## Task to carry out
Take the line containing "水晶クラスター （ブラジル ゴイアス州産） No.852" and every line after it to the end of the records, and copy them exactly, excluding pictures.

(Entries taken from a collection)
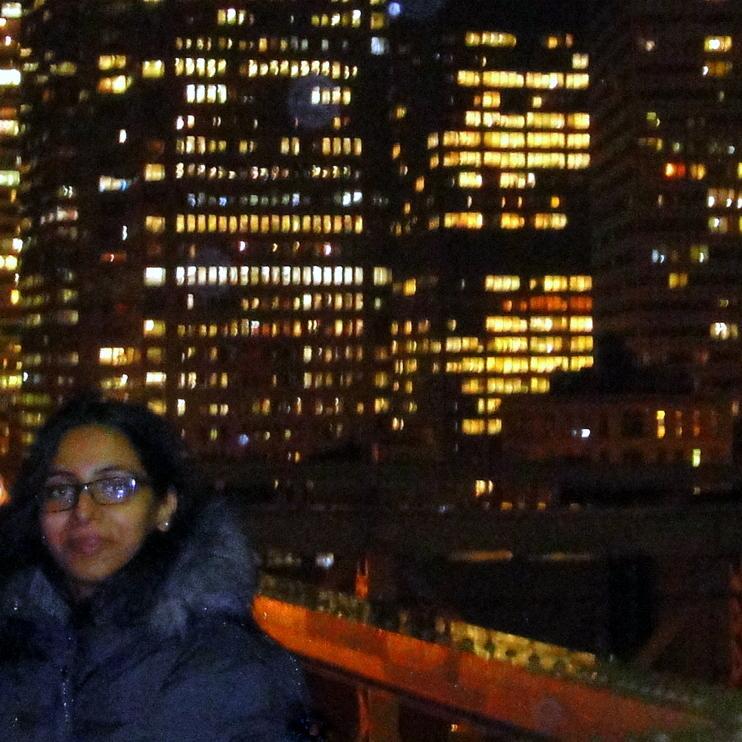 doc_deepthi's profile picture. Internal Medicine Resident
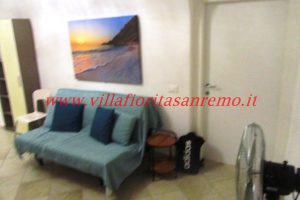 Sanremo Alleanza Apartment – Image 11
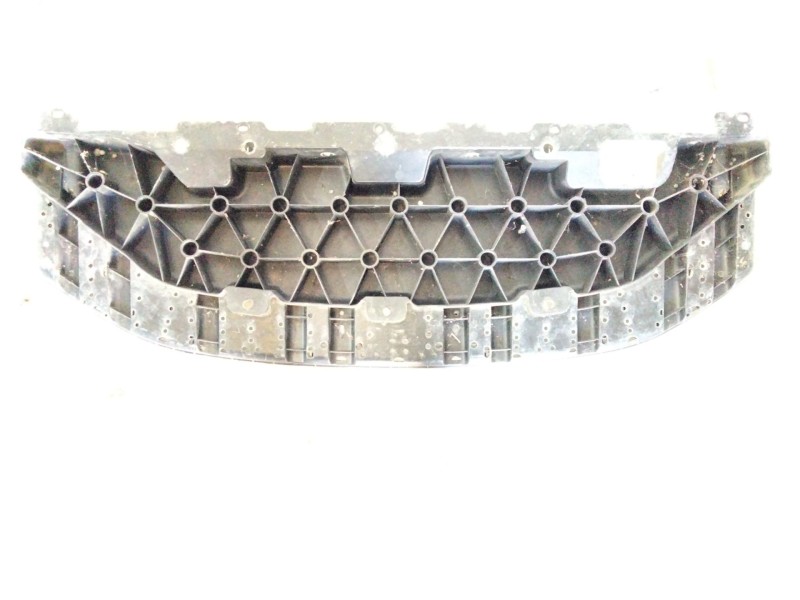 Recambio de refuerzo paragolpes delantero para nissan leaf (ze0) electric referencia OEM IAM   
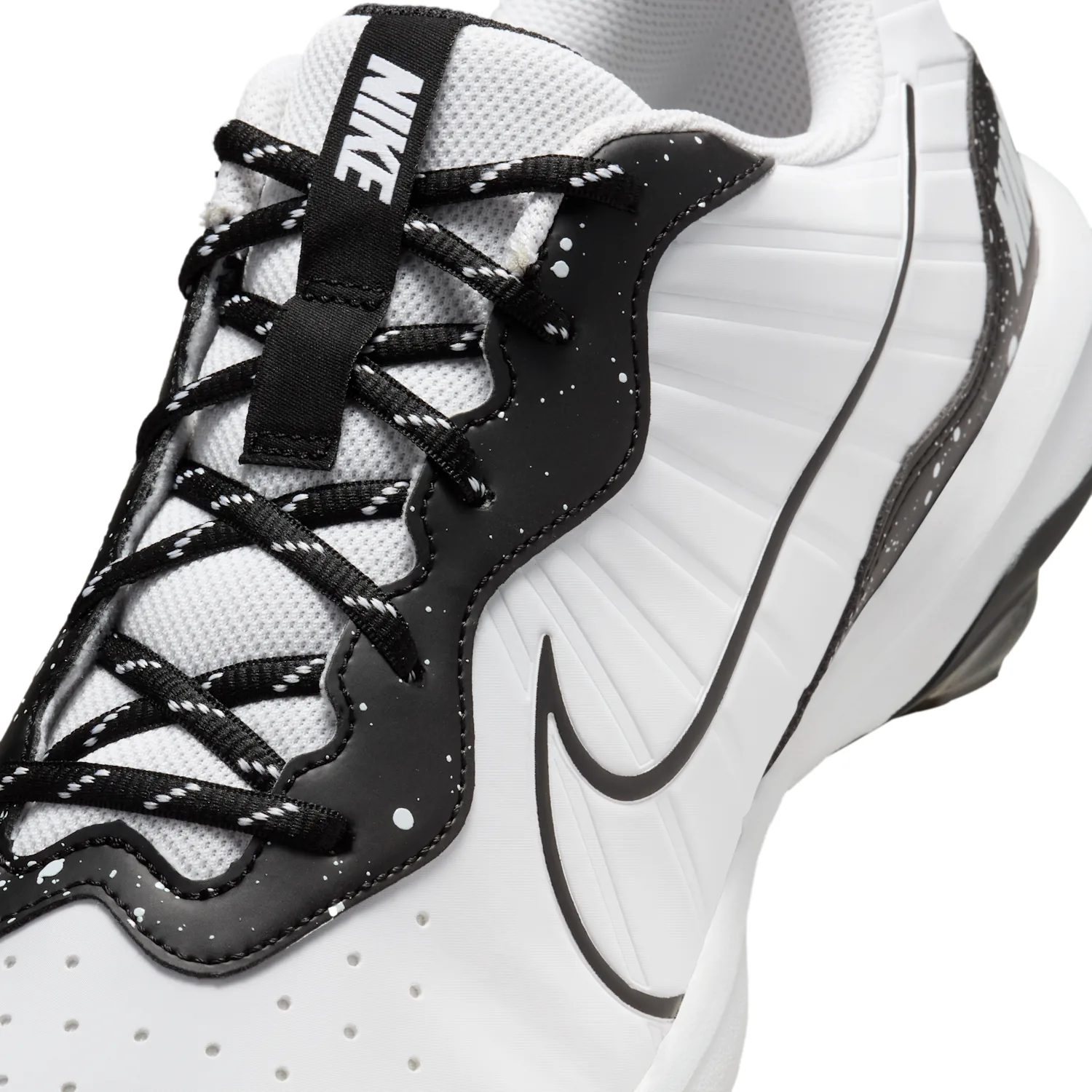 Nike Alpha Huarache Varsity 4 Low image 8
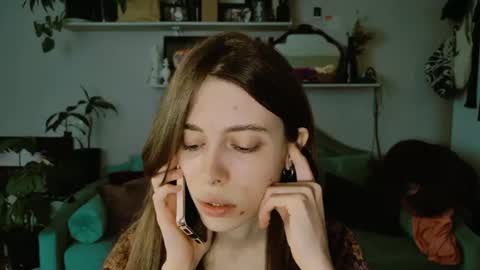 Snapshot of yoka_paradoxxx chatting on July 2, 10:43 am yoka_paradoxxx online show from July 2, 10:43 am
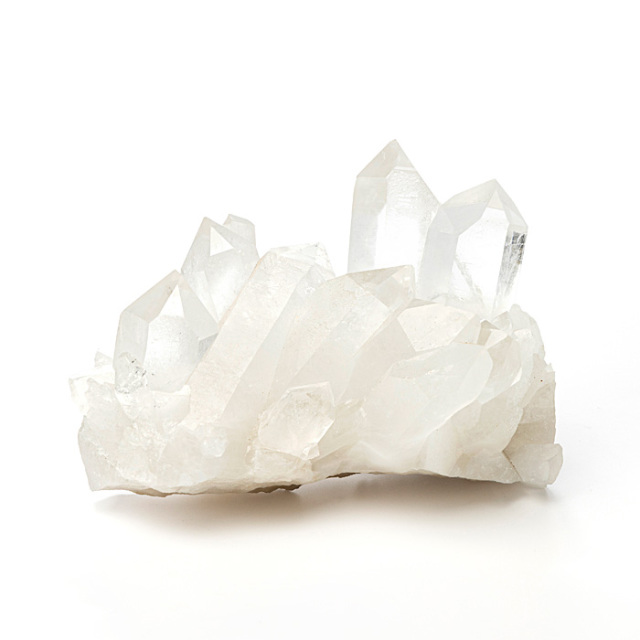 水晶クラスター （ブラジル ゴイアス州産） No.852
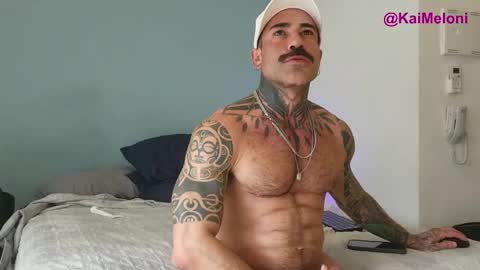 Snapshot of kairos_xx chatting on May 20, 4:02 pm Kairos Meucci online show from May 20, 4:02 pm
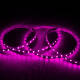 Bild von LED-Streifen RGB 12V DC 60LED/m 5m IP20 Breite 10mm Schnitt jede 5cm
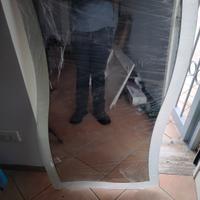 specchio design  camera o salotto 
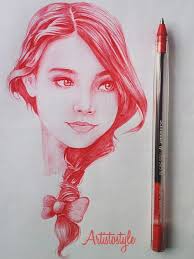 How many hours (days?) do you need to do one drawing? How To Draw A Realistic Woman Novocom Top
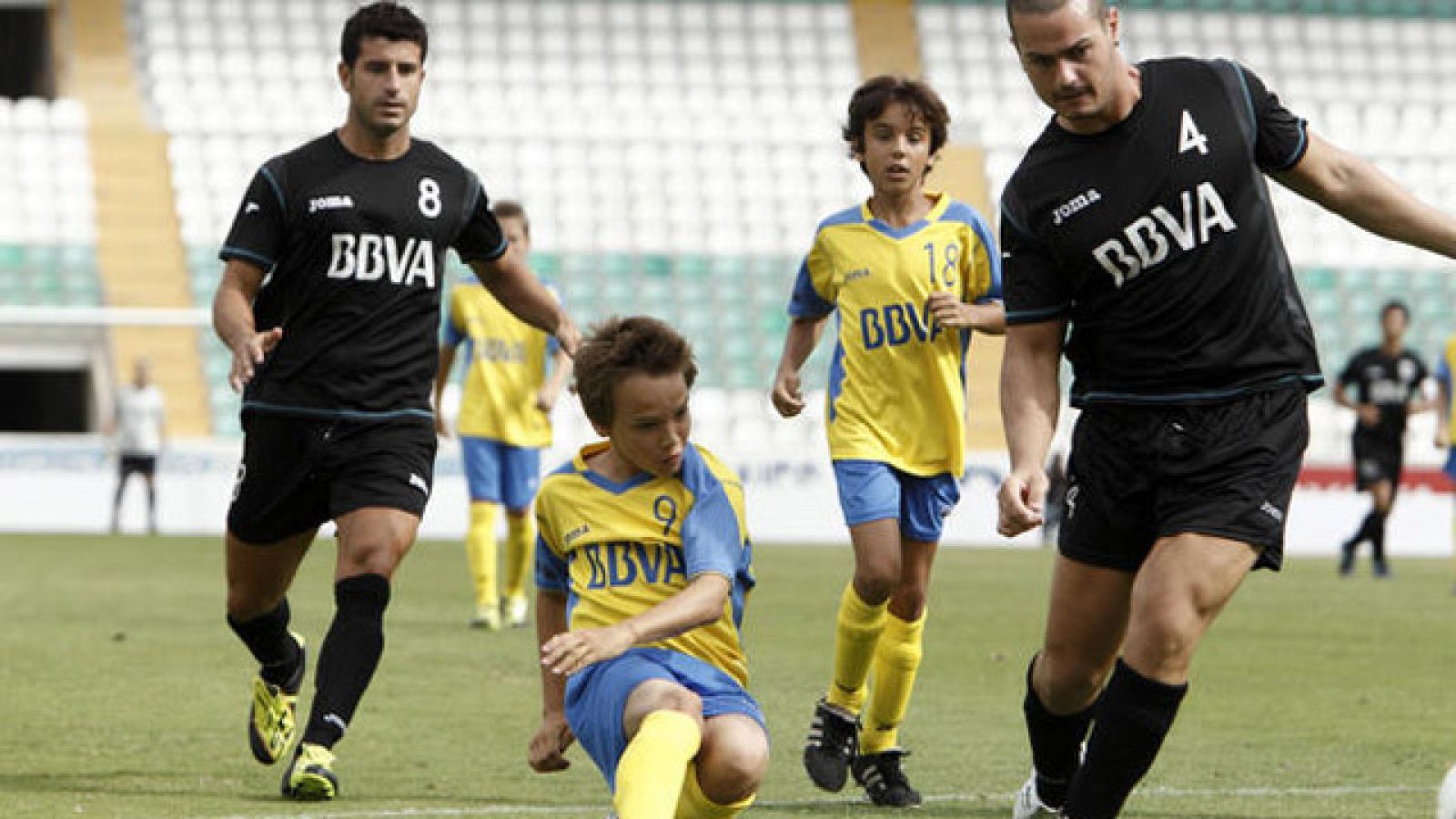 Días de cine: 'El sueño de Iván'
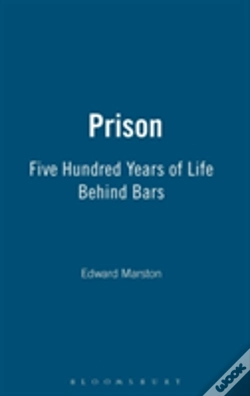 Capa do artigo Prison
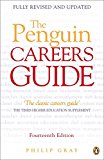 Book The Penguin Careers Guide 14e: 14th Edition free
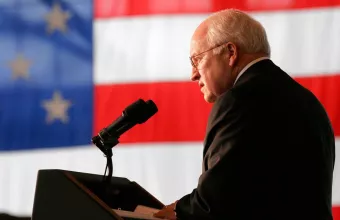 Ντικ Τσέινι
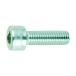 Υ ϻѷեܥ SCM435 ᡼(ͤ) M3x5 CS-W-0305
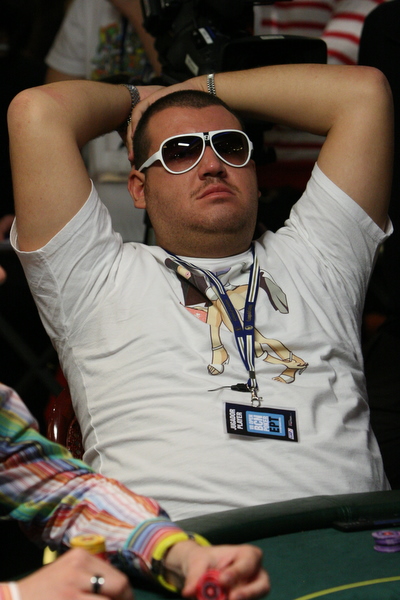 Salvatore Pengue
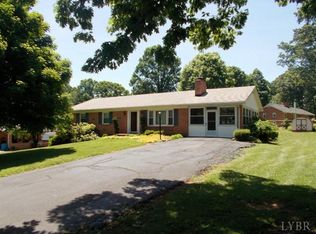 150 Shearingham Dr, Madison Heights, VA 24572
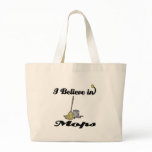 i believe in mops bags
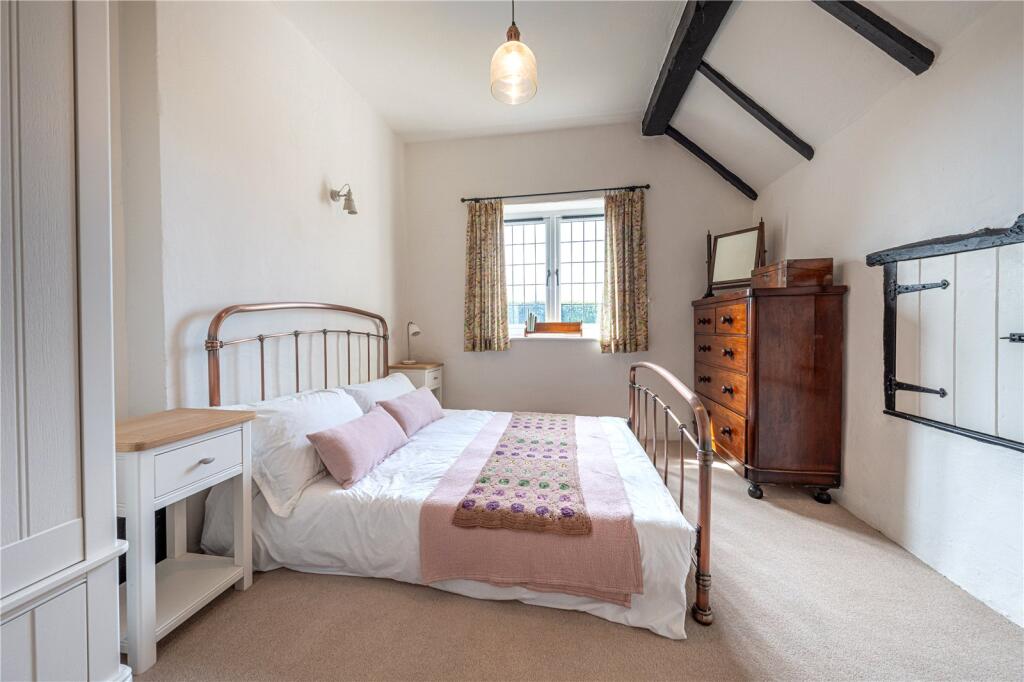 Additional image 27 of Lullington Road, Clifton Campville, Tamworth, Staffordshire, B79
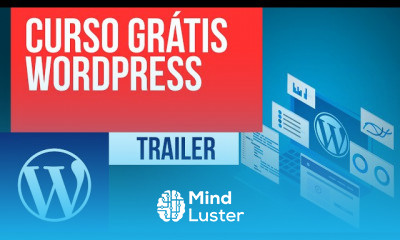 de WordPress site do zero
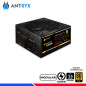 FUENTE DE PODER ANTRYX 1200W KIRIN EVO II, 80 PLUS GOLD MODULAR, PCIe 5.0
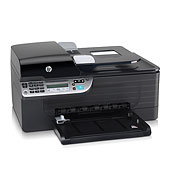 HP Officejet 4500 - G510n (CN547A)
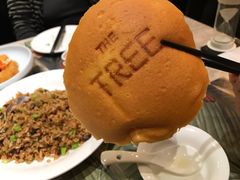 -大树餐厅(红旗街万达店)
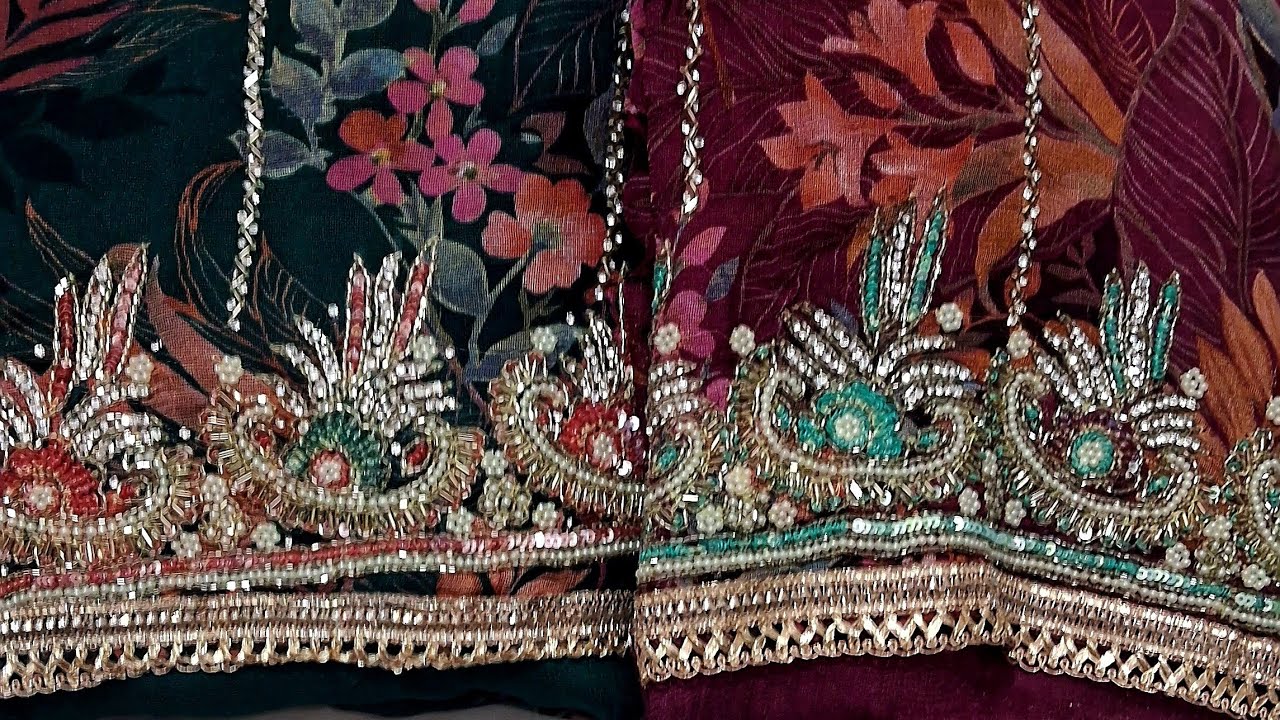 न्यू डिजाइन 🌺420 मे फैंसी सूट 🌺फ्री सिपिंग 📞9306725172 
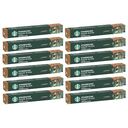 STARBUCKS House Blend Lungo - Nespresso, 12 x 10 Capsules (6200094)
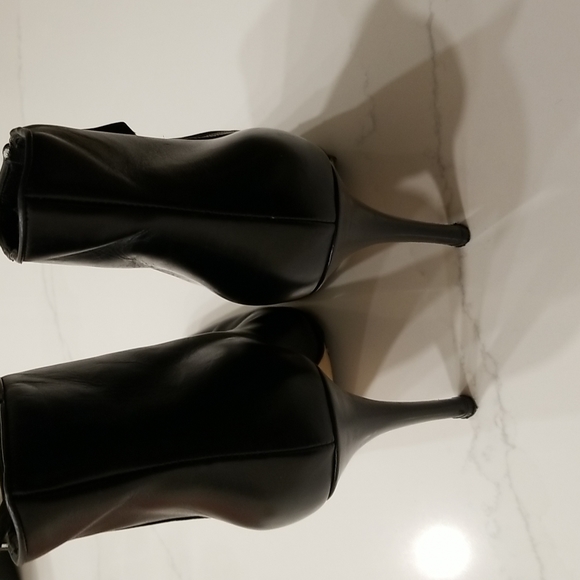 Manolo blahnik boots - Picture 5 of 9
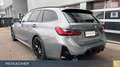 BMW 318 i A Tou M-Sport,Pano,AHK,Autom,LM Grau - thumbnail 2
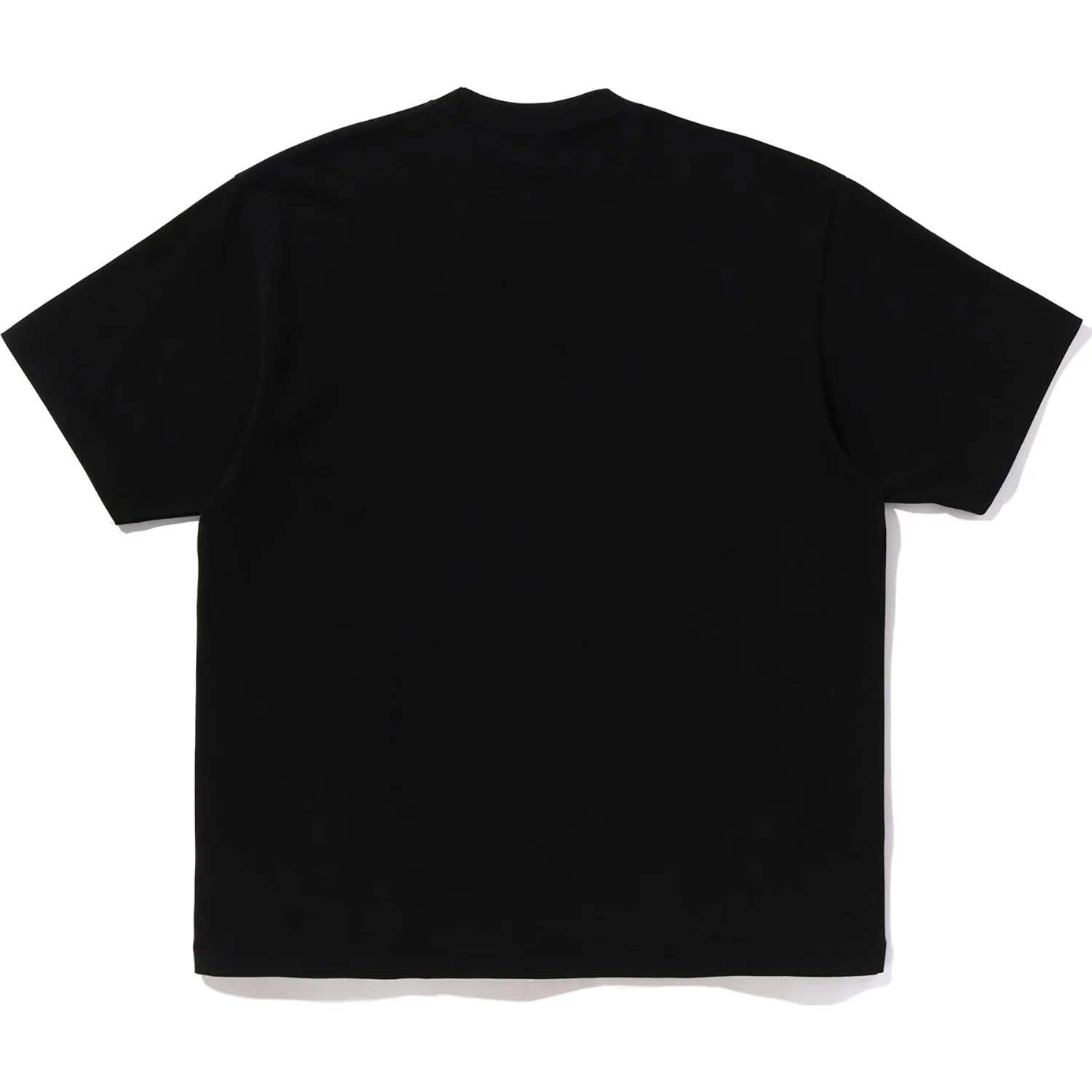 COLOR CAMO APE HEAD RELAXED FIT TEE MENS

## Solution
 水晶クラスター （ブラジル ゴイアス州産） No.852
 Snapshot of kairos_xx chatting on May 20, 4:02 pm Kairos Meucci online show from May 20, 4:02 pm
 Bild von LED-Streifen RGB 12V DC 60LED/m 5m IP20 Breite 10mm Schnitt jede 5cm
 specchio design  camera o salotto 
 How many hours (days?) do you need to do one drawing? How To Draw A Realistic Woman Novocom Top
 Días de cine: 'El sueño de Iván'
 Capa do artigo Prison
 Book The Penguin Careers Guide 14e: 14th Edition free
 Ντικ Τσέινι
 Υ ϻѷեܥ SCM435 ᡼(ͤ) M3x5 CS-W-0305
 Salvatore Pengue
 150 Shearingham Dr, Madison Heights, VA 24572
 i believe in mops bags
 Additional image 27 of Lullington Road, Clifton Campville, Tamworth, Staffordshire, B79
 de WordPress site do zero
 FUENTE DE PODER ANTRYX 1200W KIRIN EVO II, 80 PLUS GOLD MODULAR, PCIe 5.0
 HP Officejet 4500 - G510n (CN547A)
 -大树餐厅(红旗街万达店)
 न्यू डिजाइन 🌺420 मे फैंसी सूट 🌺फ्री सिपिंग 📞9306725172 
 STARBUCKS House Blend Lungo - Nespresso, 12 x 10 Capsules (6200094)
 Manolo blahnik boots - Picture 5 of 9
 BMW 318 i A Tou M-Sport,Pano,AHK,Autom,LM Grau - thumbnail 2
 COLOR CAMO APE HEAD RELAXED FIT TEE MENS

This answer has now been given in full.